While posting on our Facebook page recently, about our upcoming Ram Sale, I discovered a collection of pictures suspiciously similar to those I was trying to add to the post. This year’s photos of our saucy boys are nearly identical to those I took almost exactly one year ago: a selection of solo shots showing off each of the animals up for sale, and a group shot or two, attempting to show them in their native element.

Of course, this shouldn’t come as a surprise: farming is a repetitive business, with lambing, sowing, harvest, and tupping seasons all coming around annually, and with other tasks – like taming the thistles in the hay fields, and trying/failing to keep the snails from eating my lettuce – repeating themselves on a regular basis. This is the wheel of the farming calendar, and ready or not, it will turn.

It’s not for everyone, this farming gig.

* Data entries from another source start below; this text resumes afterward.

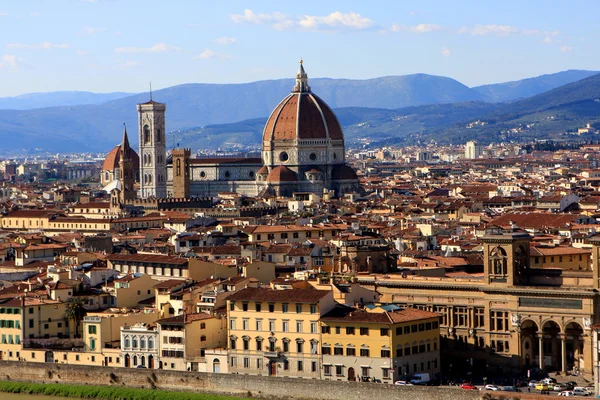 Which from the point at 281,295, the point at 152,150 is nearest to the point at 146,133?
the point at 152,150

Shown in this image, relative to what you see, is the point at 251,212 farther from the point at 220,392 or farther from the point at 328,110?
the point at 220,392

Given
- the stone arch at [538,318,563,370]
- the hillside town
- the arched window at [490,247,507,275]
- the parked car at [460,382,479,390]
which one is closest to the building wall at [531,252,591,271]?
the hillside town

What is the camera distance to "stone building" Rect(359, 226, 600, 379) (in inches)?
1962

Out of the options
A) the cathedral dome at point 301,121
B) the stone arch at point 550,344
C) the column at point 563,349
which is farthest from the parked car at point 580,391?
the cathedral dome at point 301,121

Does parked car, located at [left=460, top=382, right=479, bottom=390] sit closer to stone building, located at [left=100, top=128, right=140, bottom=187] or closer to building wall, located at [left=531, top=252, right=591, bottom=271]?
building wall, located at [left=531, top=252, right=591, bottom=271]

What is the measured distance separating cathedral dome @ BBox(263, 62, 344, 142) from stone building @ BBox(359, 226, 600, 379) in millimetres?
105884

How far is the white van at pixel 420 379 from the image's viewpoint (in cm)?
4872

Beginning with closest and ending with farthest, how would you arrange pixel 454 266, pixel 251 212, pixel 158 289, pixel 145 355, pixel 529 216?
pixel 145 355, pixel 158 289, pixel 454 266, pixel 529 216, pixel 251 212

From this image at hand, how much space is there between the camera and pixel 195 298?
2202 inches

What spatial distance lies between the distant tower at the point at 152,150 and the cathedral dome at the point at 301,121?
10.4 m

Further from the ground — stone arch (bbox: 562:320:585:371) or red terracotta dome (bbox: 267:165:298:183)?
red terracotta dome (bbox: 267:165:298:183)

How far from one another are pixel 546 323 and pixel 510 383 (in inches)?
120

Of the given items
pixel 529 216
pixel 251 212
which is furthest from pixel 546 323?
pixel 251 212

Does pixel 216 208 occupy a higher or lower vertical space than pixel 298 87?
lower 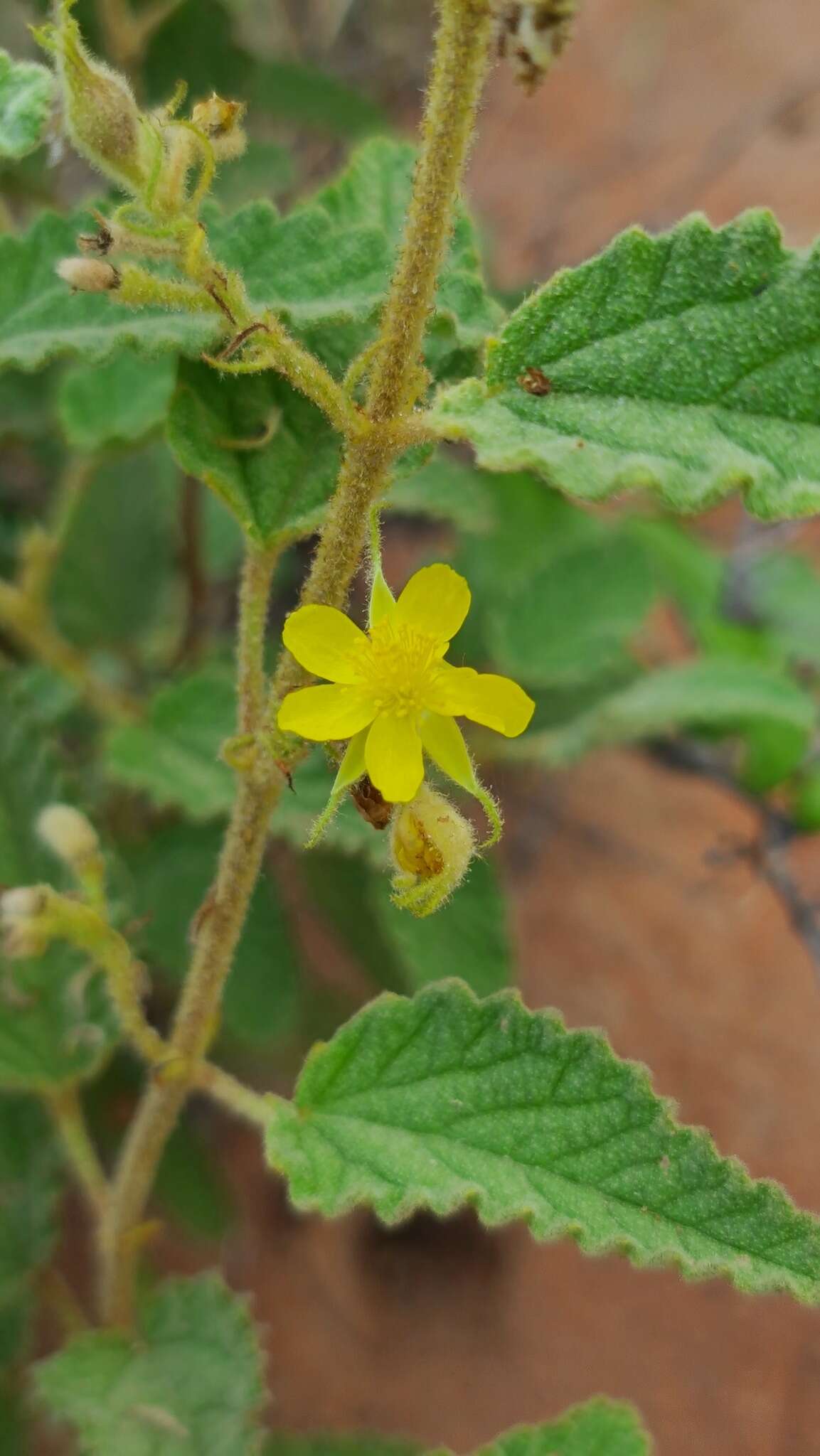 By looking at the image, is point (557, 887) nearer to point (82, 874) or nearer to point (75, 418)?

It’s dirty and smelly and often wet and cold, and sometimes heart- and backbreaking. But for those who live it and love it, it’s also invigorating, and peaceful, and a reminder of our place in the cycle of life on this planet. The repetitions are welcome, actually: once you go through a few cycles, there’s no need to ‘invent the wheel’ every time, and you can get on with other quandaries, such as whether to breed that trusty old ewe again, or to retire her. Or whether we can afford a new baler, or will have to nurse this one through one more (“the last one, I promise!”) harvest. And how in the world we can keep the piglets in their paddock, using 10 year old bits and pieces we’ve got lying around.

Not supposed to be there.

It’s nice to finally have our list of lambing supplies complete, and the design of the footrace figured out (for now). Lambing – and the resulting ram sales – come and go like summer following spring. Although this year, it’s almost as though Autumn got into the middle of July and decided to mess things up a bit.

There’s something reassuring about the wheel turning as it always does on this old farm…while the rest of the world seems to spin out of control all around us. Plagues, fires, floods, wars, and despotic rulers in countries that used to be considered havens for democracy…the sheep truly do not care. They will have their lambs, and no gloves or face masks will save you from having to go elbow deep to help them deliver a stuck lamb, with everyone ending up covered in birth fluids. The wheel will turn, we will laugh about (most of) it, and another constant is that, among all the repeating rituals of the year, there will also, always, be a new challenge coming at us next week, or next month. And that’s okay too. It’s just another way the wheel turns.

No, it’s not for everyone. But after five years together this month, working this land, and rejuvenating this old farm, we look with hope (again) at this year’s crop of handsome young rams high-stepping through the tall grass, nursing high hopes for their futures… and we know that it is definitely for us.

Turn wheel, turn. And we’ll be right here, steering a course into the next five (and more) years.

Still smiling, five years on.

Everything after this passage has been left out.